# Problem to work on
The entries below should be given again exactly, minus their pictures.

# Provided records
════════════════════

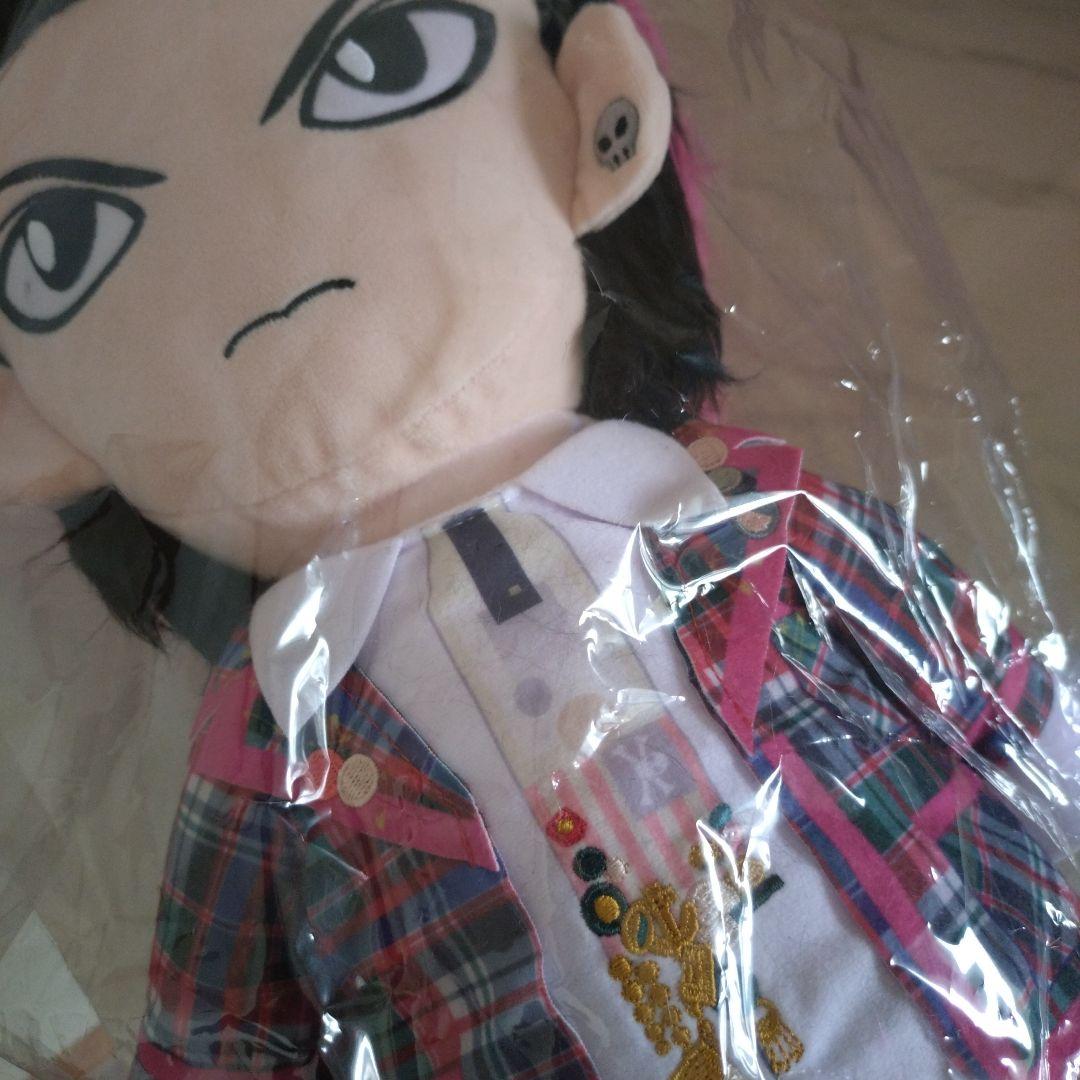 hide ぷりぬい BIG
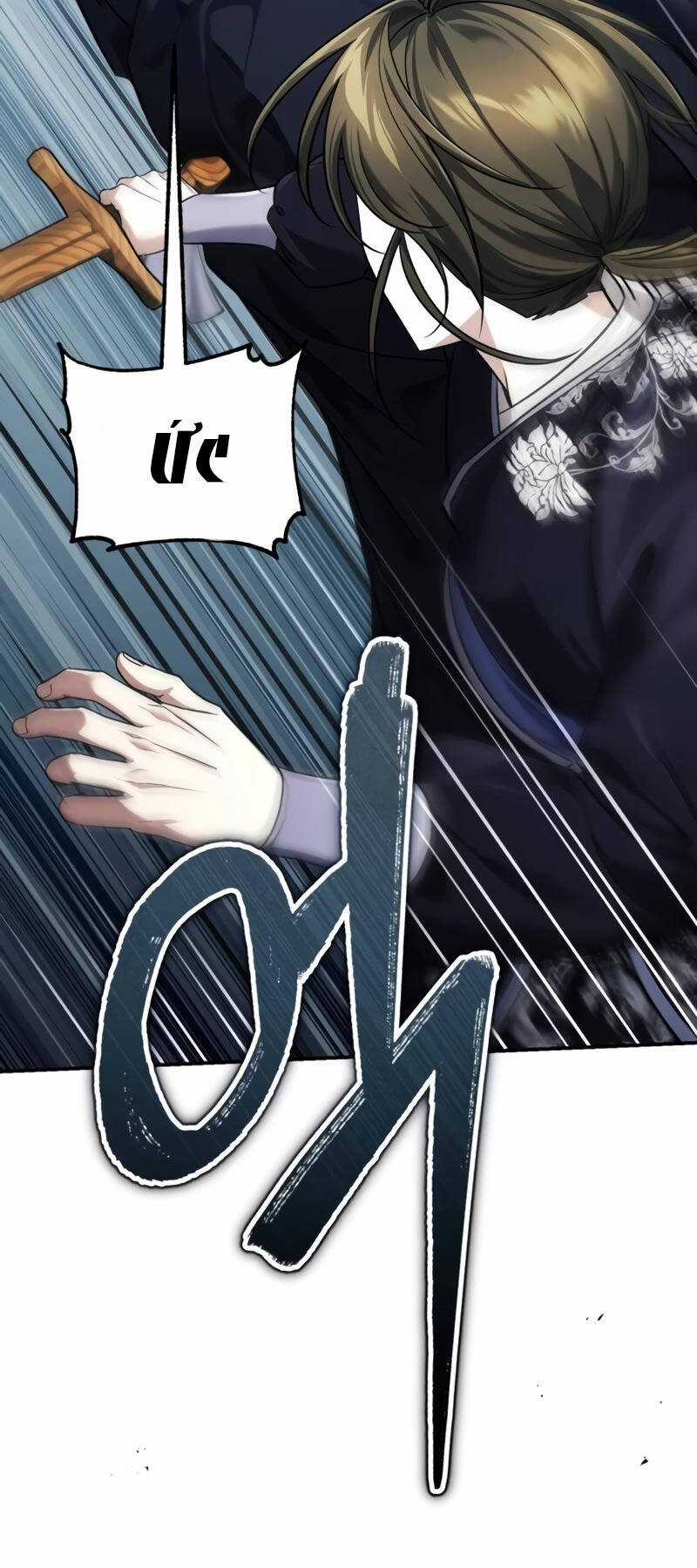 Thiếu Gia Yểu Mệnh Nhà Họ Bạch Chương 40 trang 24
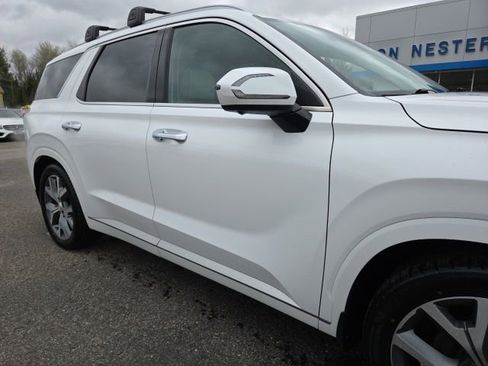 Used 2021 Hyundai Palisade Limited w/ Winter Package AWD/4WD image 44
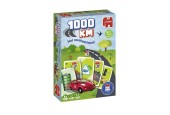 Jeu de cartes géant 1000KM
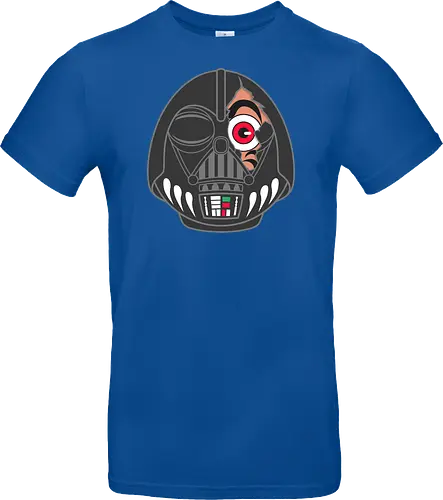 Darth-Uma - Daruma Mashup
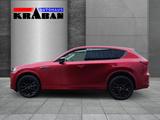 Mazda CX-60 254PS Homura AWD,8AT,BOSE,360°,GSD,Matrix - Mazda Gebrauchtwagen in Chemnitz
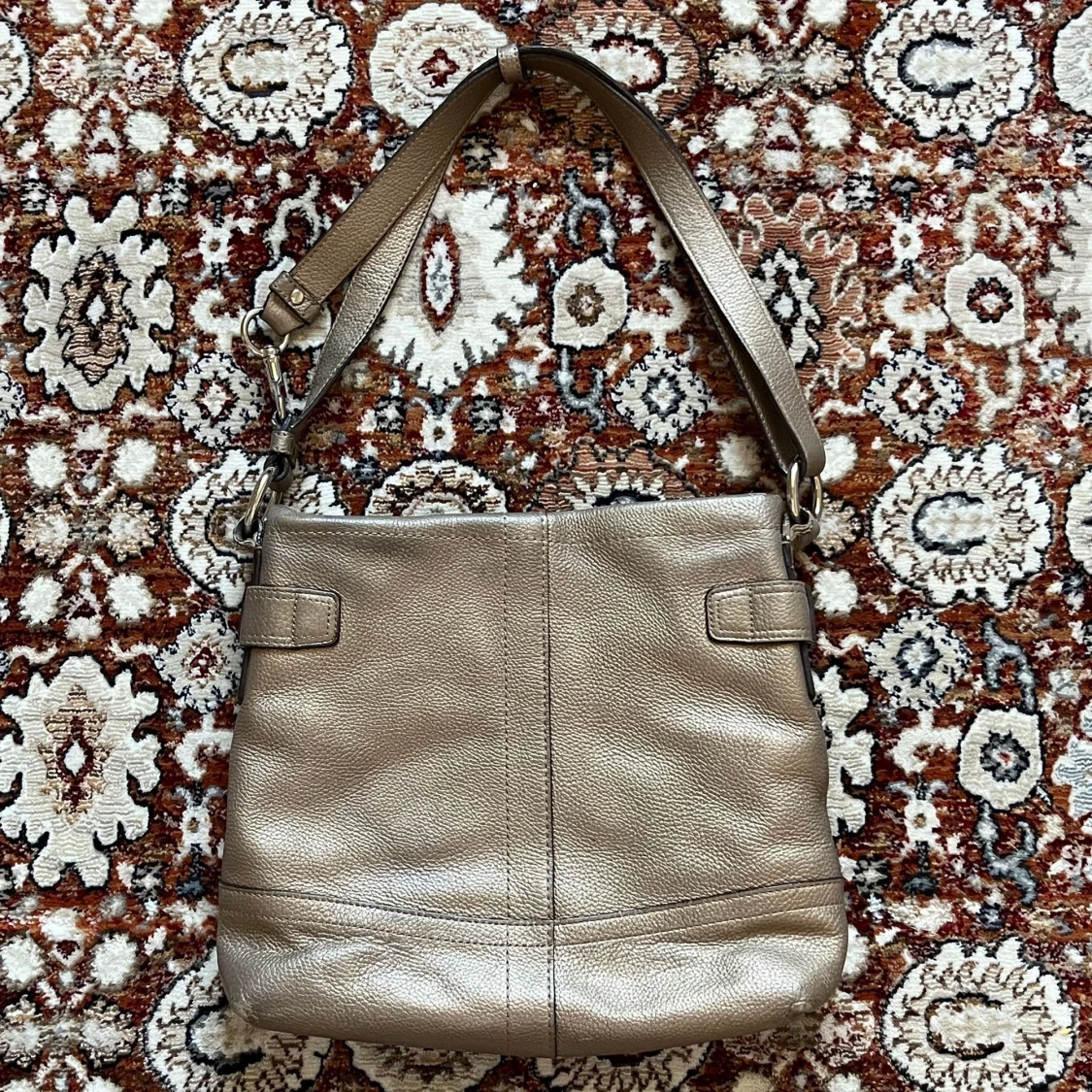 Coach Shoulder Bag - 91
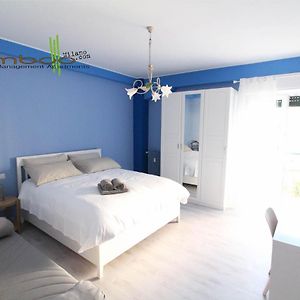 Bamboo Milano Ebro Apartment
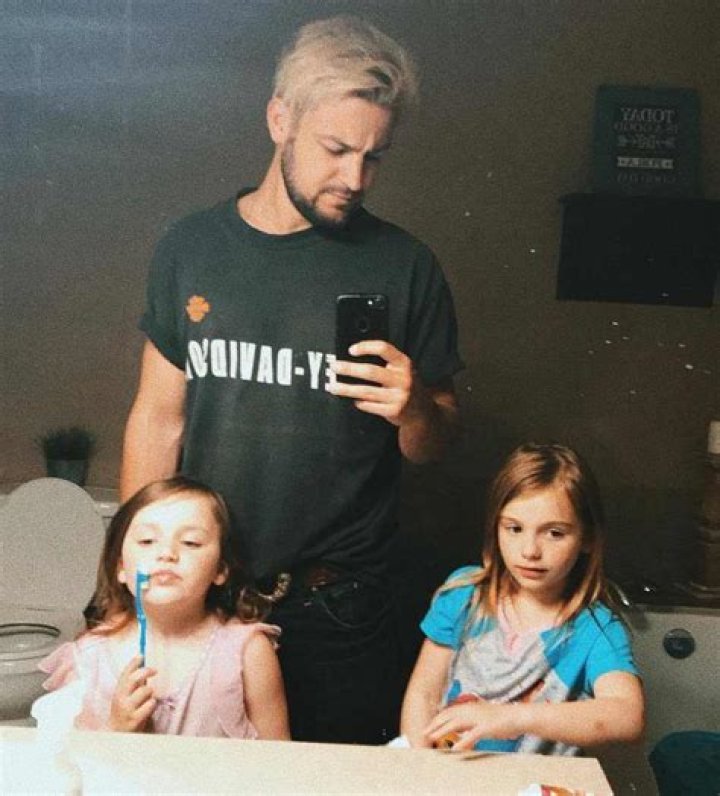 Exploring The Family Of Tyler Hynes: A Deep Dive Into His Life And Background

════════════════════

# Answer for this exercise
 hide ぷりぬい BIG
 Thiếu Gia Yểu Mệnh Nhà Họ Bạch Chương 40 trang 24
 Used 2021 Hyundai Palisade Limited w/ Winter Package AWD/4WD image 44
 Jeu de cartes géant 1000KM
 Darth-Uma - Daruma Mashup
 Mazda CX-60 254PS Homura AWD,8AT,BOSE,360°,GSD,Matrix - Mazda Gebrauchtwagen in Chemnitz
 Coach Shoulder Bag - 91
 Bamboo Milano Ebro Apartment
 Exploring The Family Of Tyler Hynes: A Deep Dive Into His Life And Background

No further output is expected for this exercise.